Start of Information

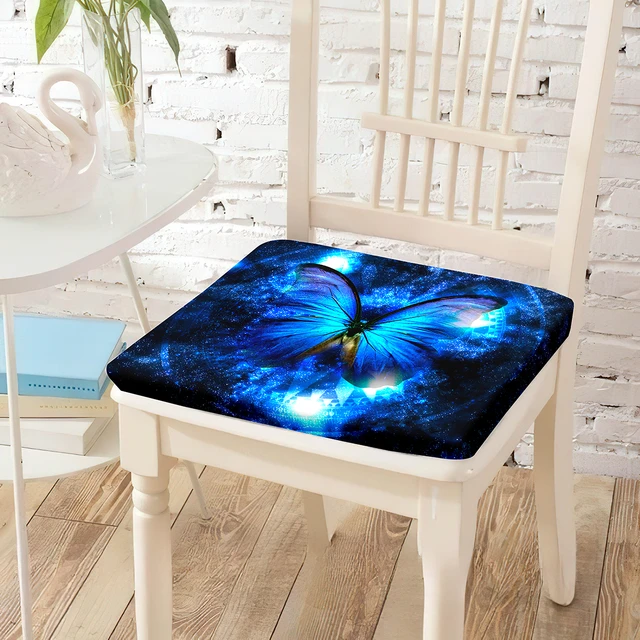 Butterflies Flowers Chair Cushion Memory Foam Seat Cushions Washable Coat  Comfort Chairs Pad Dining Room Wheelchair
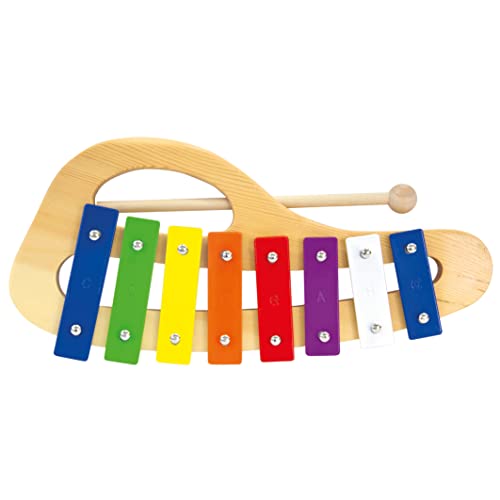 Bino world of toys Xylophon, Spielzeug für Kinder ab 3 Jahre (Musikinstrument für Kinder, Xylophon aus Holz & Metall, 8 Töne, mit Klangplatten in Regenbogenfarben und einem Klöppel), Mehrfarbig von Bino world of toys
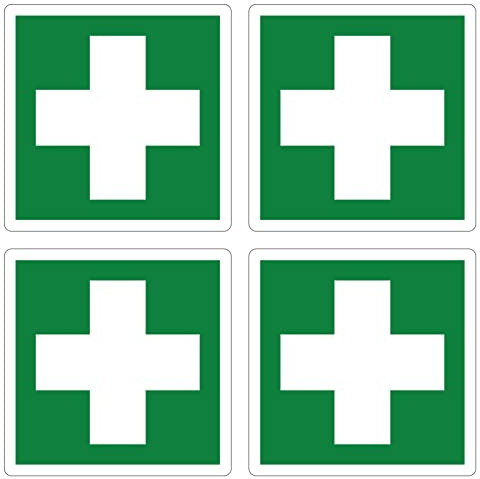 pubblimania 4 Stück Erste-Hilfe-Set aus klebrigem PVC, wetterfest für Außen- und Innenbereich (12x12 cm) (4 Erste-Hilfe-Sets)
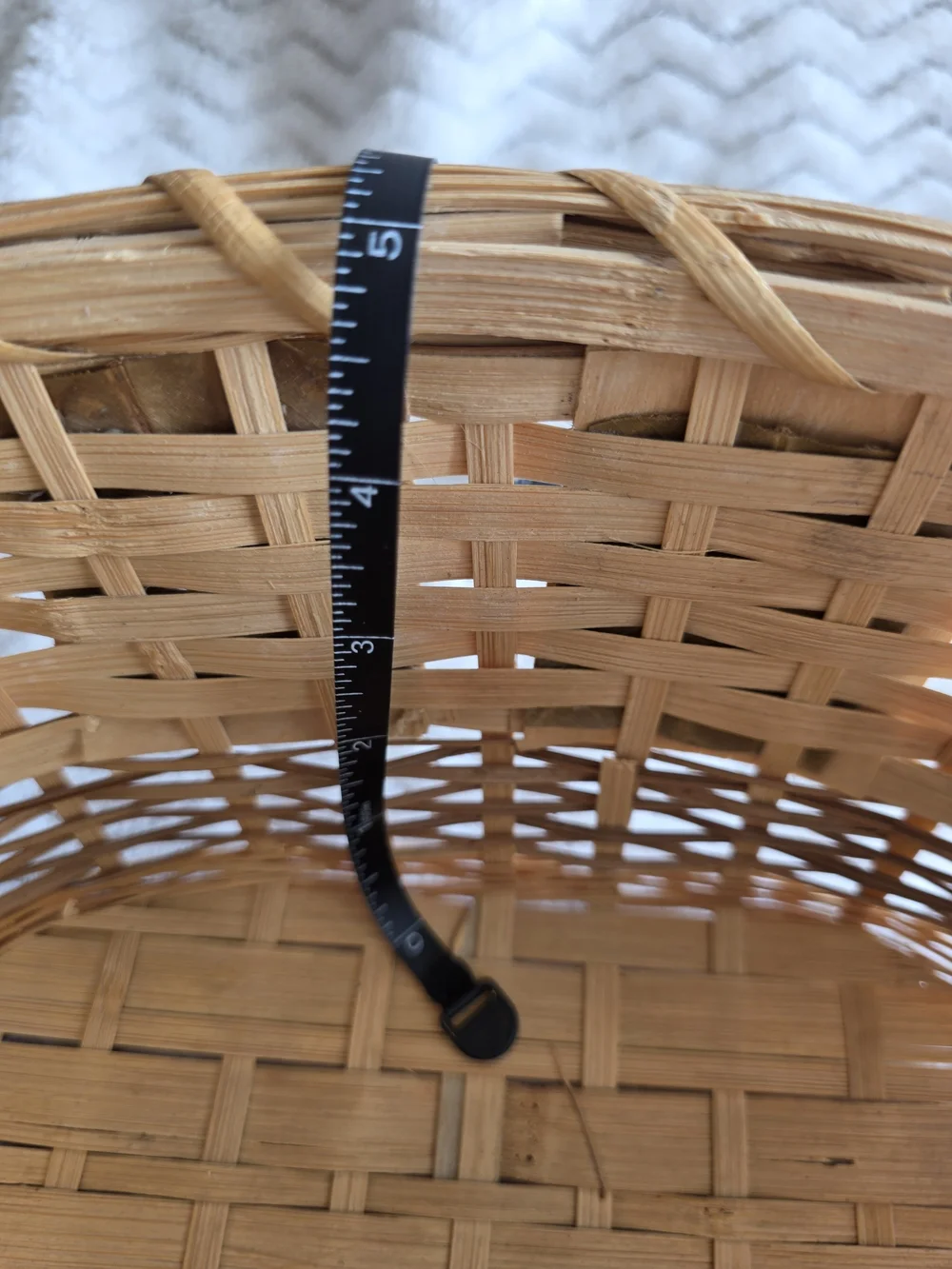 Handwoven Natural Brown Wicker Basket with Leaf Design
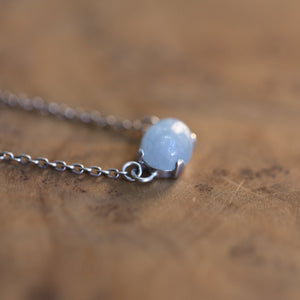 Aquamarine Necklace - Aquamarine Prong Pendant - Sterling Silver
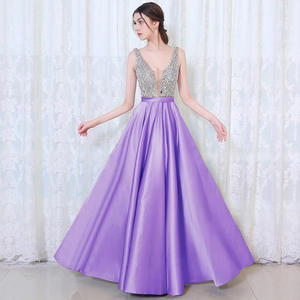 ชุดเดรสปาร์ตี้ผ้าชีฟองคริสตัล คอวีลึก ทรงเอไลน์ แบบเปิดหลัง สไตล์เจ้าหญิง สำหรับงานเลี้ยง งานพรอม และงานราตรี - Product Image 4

End of Information
Start of Information

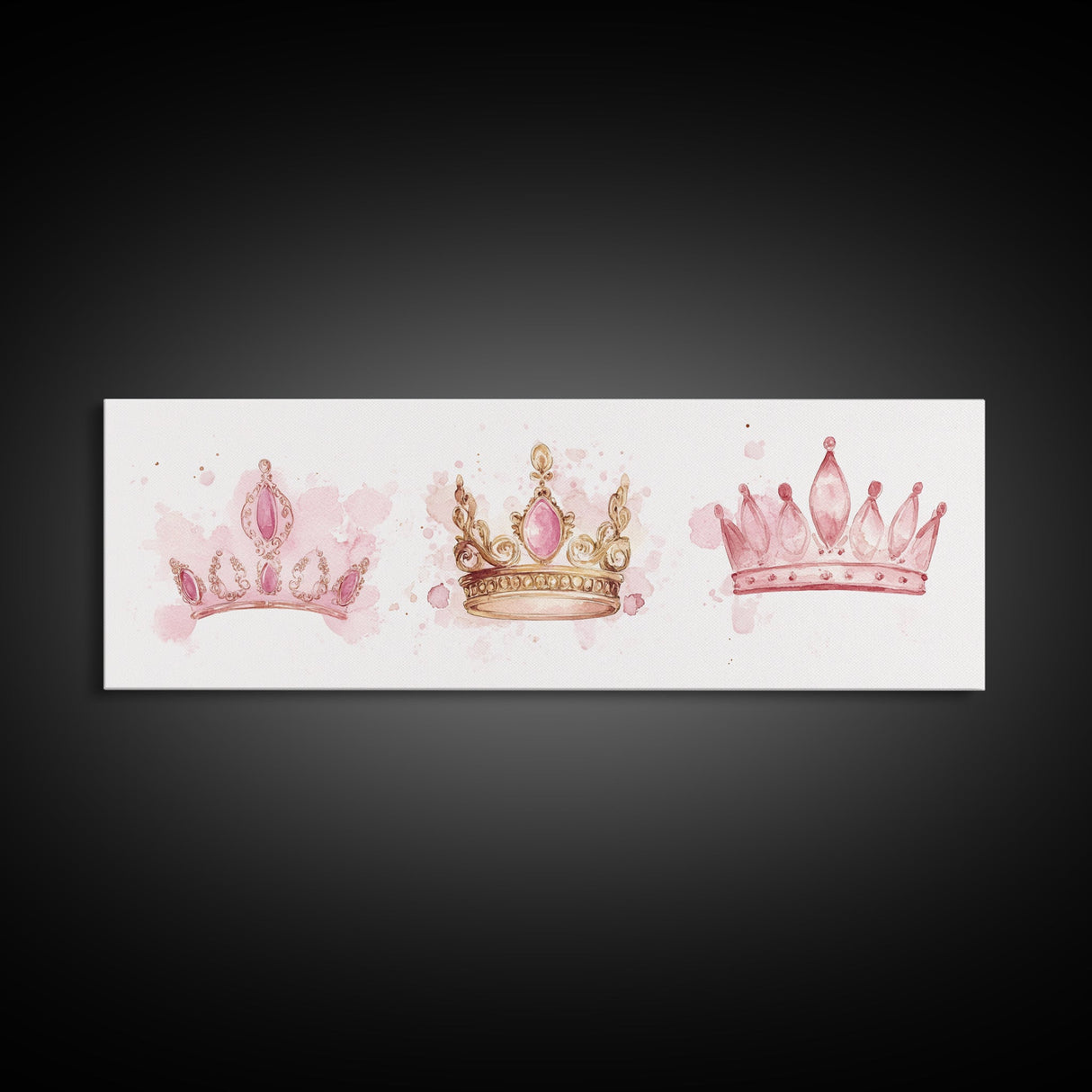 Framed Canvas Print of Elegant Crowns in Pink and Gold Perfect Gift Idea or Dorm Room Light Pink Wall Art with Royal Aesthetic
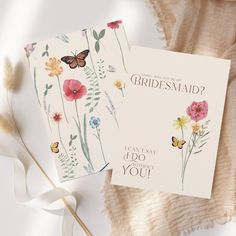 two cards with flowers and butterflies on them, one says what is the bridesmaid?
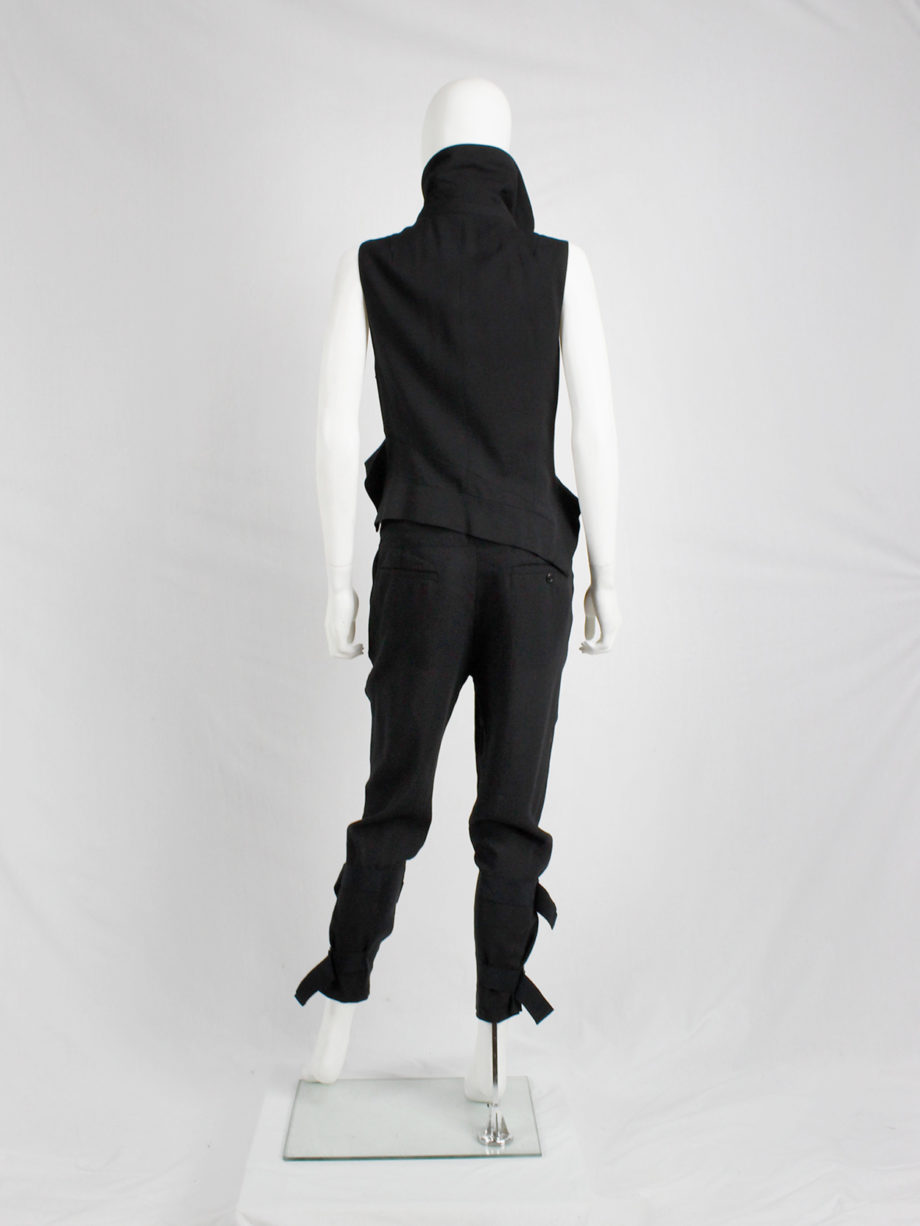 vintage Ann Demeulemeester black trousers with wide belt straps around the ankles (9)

End of Information

**What you will do**
With the pictures removed, print only the lines starting at the line that has "pubblimania 4 Stück" and ending at the line that has "ชุดเดรสปาร์ตี้ผ้าชีฟองคริสตัล คอวีลึก ทรงเอไลน์", both ends included, exactly as they stand above.

**Exercise solution**
 pubblimania 4 Stück Erste-Hilfe-Set aus klebrigem PVC, wetterfest für Außen- und Innenbereich (12x12 cm) (4 Erste-Hilfe-Sets)
 Handwoven Natural Brown Wicker Basket with Leaf Design
 Aquamarine Necklace - Aquamarine Prong Pendant - Sterling Silver
 ชุดเดรสปาร์ตี้ผ้าชีฟองคริสตัล คอวีลึก ทรงเอไลน์ แบบเปิดหลัง สไตล์เจ้าหญิง สำหรับงานเลี้ยง งานพรอม และงานราตรี - Product Image 4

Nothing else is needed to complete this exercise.